[Items from a data source]

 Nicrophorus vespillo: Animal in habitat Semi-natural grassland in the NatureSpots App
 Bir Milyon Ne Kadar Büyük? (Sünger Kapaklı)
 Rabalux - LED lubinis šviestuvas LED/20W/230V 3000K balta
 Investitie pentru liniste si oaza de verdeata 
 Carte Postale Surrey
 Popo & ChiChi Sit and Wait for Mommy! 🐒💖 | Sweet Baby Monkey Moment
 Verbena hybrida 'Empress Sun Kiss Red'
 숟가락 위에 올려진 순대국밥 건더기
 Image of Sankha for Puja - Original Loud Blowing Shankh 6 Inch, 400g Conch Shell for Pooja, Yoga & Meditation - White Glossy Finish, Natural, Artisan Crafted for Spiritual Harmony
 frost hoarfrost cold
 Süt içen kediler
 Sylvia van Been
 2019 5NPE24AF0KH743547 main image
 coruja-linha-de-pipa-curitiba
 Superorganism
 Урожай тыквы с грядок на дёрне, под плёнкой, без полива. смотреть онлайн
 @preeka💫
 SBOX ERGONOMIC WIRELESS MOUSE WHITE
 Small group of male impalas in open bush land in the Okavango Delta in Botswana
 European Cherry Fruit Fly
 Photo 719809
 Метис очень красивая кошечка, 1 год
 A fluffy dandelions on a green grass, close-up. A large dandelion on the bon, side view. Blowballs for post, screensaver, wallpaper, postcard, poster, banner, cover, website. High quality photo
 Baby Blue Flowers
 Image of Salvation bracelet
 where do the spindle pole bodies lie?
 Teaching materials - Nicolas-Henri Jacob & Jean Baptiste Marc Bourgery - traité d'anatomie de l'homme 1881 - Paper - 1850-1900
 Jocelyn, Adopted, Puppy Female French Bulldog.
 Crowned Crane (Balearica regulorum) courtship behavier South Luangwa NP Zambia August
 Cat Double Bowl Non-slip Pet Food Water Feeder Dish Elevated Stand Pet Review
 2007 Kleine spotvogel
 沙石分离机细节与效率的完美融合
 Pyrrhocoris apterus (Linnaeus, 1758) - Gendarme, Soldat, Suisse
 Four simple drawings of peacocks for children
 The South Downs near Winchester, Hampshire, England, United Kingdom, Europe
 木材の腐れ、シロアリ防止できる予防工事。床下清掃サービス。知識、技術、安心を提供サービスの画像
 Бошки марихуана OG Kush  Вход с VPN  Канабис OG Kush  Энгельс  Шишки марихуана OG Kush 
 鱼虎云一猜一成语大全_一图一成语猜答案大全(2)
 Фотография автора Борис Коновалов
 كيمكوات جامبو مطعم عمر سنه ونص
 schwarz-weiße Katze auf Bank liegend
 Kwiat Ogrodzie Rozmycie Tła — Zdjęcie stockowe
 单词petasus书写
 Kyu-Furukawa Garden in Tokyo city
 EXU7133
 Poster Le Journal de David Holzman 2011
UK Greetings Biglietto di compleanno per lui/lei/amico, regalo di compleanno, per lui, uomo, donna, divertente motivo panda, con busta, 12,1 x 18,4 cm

Task requirements: Beginning of the records through the line with "Kwiat Ogrodzie Rozmycie": return that span exactly and stop there.

Task response:
 Nicrophorus vespillo: Animal in habitat Semi-natural grassland in the NatureSpots App
 Bir Milyon Ne Kadar Büyük? (Sünger Kapaklı)
 Rabalux - LED lubinis šviestuvas LED/20W/230V 3000K balta
 Investitie pentru liniste si oaza de verdeata 
 Carte Postale Surrey
 Popo & ChiChi Sit and Wait for Mommy! 🐒💖 | Sweet Baby Monkey Moment
 Verbena hybrida 'Empress Sun Kiss Red'
 숟가락 위에 올려진 순대국밥 건더기
 Image of Sankha for Puja - Original Loud Blowing Shankh 6 Inch, 400g Conch Shell for Pooja, Yoga & Meditation - White Glossy Finish, Natural, Artisan Crafted for Spiritual Harmony
 frost hoarfrost cold
 Süt içen kediler
 Sylvia van Been
 2019 5NPE24AF0KH743547 main image
 coruja-linha-de-pipa-curitiba
 Superorganism
 Урожай тыквы с грядок на дёрне, под плёнкой, без полива. смотреть онлайн
 @preeka💫
 SBOX ERGONOMIC WIRELESS MOUSE WHITE
 Small group of male impalas in open bush land in the Okavango Delta in Botswana
 European Cherry Fruit Fly
 Photo 719809
 Метис очень красивая кошечка, 1 год
 A fluffy dandelions on a green grass, close-up. A large dandelion on the bon, side view. Blowballs for post, screensaver, wallpaper, postcard, poster, banner, cover, website. High quality photo
 Baby Blue Flowers
 Image of Salvation bracelet
 where do the spindle pole bodies lie?
 Teaching materials - Nicolas-Henri Jacob & Jean Baptiste Marc Bourgery - traité d'anatomie de l'homme 1881 - Paper - 1850-1900
 Jocelyn, Adopted, Puppy Female French Bulldog.
 Crowned Crane (Balearica regulorum) courtship behavier South Luangwa NP Zambia August
 Cat Double Bowl Non-slip Pet Food Water Feeder Dish Elevated Stand Pet Review
 2007 Kleine spotvogel
 沙石分离机细节与效率的完美融合
 Pyrrhocoris apterus (Linnaeus, 1758) - Gendarme, Soldat, Suisse
 Four simple drawings of peacocks for children
 The South Downs near Winchester, Hampshire, England, United Kingdom, Europe
 木材の腐れ、シロアリ防止できる予防工事。床下清掃サービス。知識、技術、安心を提供サービスの画像
 Бошки марихуана OG Kush  Вход с VPN  Канабис OG Kush  Энгельс  Шишки марихуана OG Kush 
 鱼虎云一猜一成语大全_一图一成语猜答案大全(2)
 Фотография автора Борис Коновалов
 كيمكوات جامبو مطعم عمر سنه ونص
 schwarz-weiße Katze auf Bank liegend
 Kwiat Ogrodzie Rozmycie Tła — Zdjęcie stockowe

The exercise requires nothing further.